1. On April 18, 2011, the Fund, as Trustee of the Poverty Reduction and Growth Trust (PRGT), entered into a borrowing agreement (the “Agreement”) with the Bank of Italy, by which Italy will provide new loan resources of up to SDR 800 million (see attachment). With this Agreement, the Fund has concluded eleven new borrowing agreements providing total resources of SDR 8,461 million in the context of the current fund-raising effort, which supports the reform of the Fund’s lending facilities for low-income countries that became effective on January 7, 2010.1,2,3
2. Pursuant to Section III, Paragraph 2 of the Instrument to establish the PRGT, the Managing Director is authorized to enter into borrowing agreements and agree to their terms and conditions with creditors to the Loan Accounts of the Trust. This paper presents the Agreement to the Executive Board for information.
3. This is the fourth borrowing agreement between Italy and the Fund as Trustee of the PRGT. Under the Agreement, the Bank of Italy provides loan resources in SDRs, similar to the previous agreements. The Agreement also provides for the encashability of claims in case of a balance of payments need, consistent with the new encashment regime under the PRGT, which was adopted by the Executive Board in April 2010 as part of the changes to the PRGT framework to facilitate the mobilization of additional bilateral loan contributions to finance the Fund’s concessional lending to low-income countries.
II. Principal Elements of the Borrowing Agreement
4. Amount of agreement. The maximum amount of new loan resources available under the Agreement shall be the equivalent of up to SDR 800 million.
5. Account designation. The Agreement is for the benefit of the Extended Credit Facility (ECF) Loan Account of the PRGT to finance disbursements under that facility.
6. Drawings on commitments. Drawings can be made through December 31, 2018. The notification period of the intention to draw is at least five business days (Rome) (Paragraph 2(a)).

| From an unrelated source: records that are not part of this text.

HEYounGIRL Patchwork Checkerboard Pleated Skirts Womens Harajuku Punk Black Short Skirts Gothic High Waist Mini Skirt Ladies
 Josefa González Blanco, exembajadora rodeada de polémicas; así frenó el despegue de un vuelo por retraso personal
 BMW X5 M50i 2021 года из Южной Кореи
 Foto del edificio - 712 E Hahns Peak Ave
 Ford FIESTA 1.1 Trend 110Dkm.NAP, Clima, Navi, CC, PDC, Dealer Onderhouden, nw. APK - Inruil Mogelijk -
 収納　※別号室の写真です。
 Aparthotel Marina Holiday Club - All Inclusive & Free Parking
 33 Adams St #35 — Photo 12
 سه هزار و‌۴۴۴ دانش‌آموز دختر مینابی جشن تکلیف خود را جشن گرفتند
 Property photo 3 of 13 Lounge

7. Denomination and media. Loan commitments and operations are denominated in SDRs. Disbursements under the Agreement are to be received by the Trust in SDRs, unless otherwise agreed between the Trustee and the Bank of Italy (Paragraph 4(a)). Payments of principal and interest to the Bank of Italy by the Trust are to be made in SDRs, or in a freely usable currency as may be agreed between the Trustee and the Bank of Italy (Paragraph 7(a)). Trust borrowers can convert SDRs received as a result of drawings under the Agreement through the voluntary trading arrangements established by a number of SDR Department participants and one prescribed holder.4
8. Maturity. Paragraph 5(a) of the Agreement provides for each drawing to be repaid in accordance with the repayment schedule for loan disbursements under the facility of the Trust for which it was drawn.
9. Interest. The Agreement provides for the payment of the official SDR interest rate on outstanding claims. Interest will be payable on a quarterly basis promptly after July 31, October 31, January 31, and April 30 of each year (Paragraph 6).
10. Transfer of claims. Provision is made in the Agreement for the voluntary transfer of claims on the Trust to a limited group of official-sector entities (Paragraph 8) and for temporary suspension of disbursements at any time prior to June 30, 2018, in the event of a liquidity need by the creditor (Paragraph 10).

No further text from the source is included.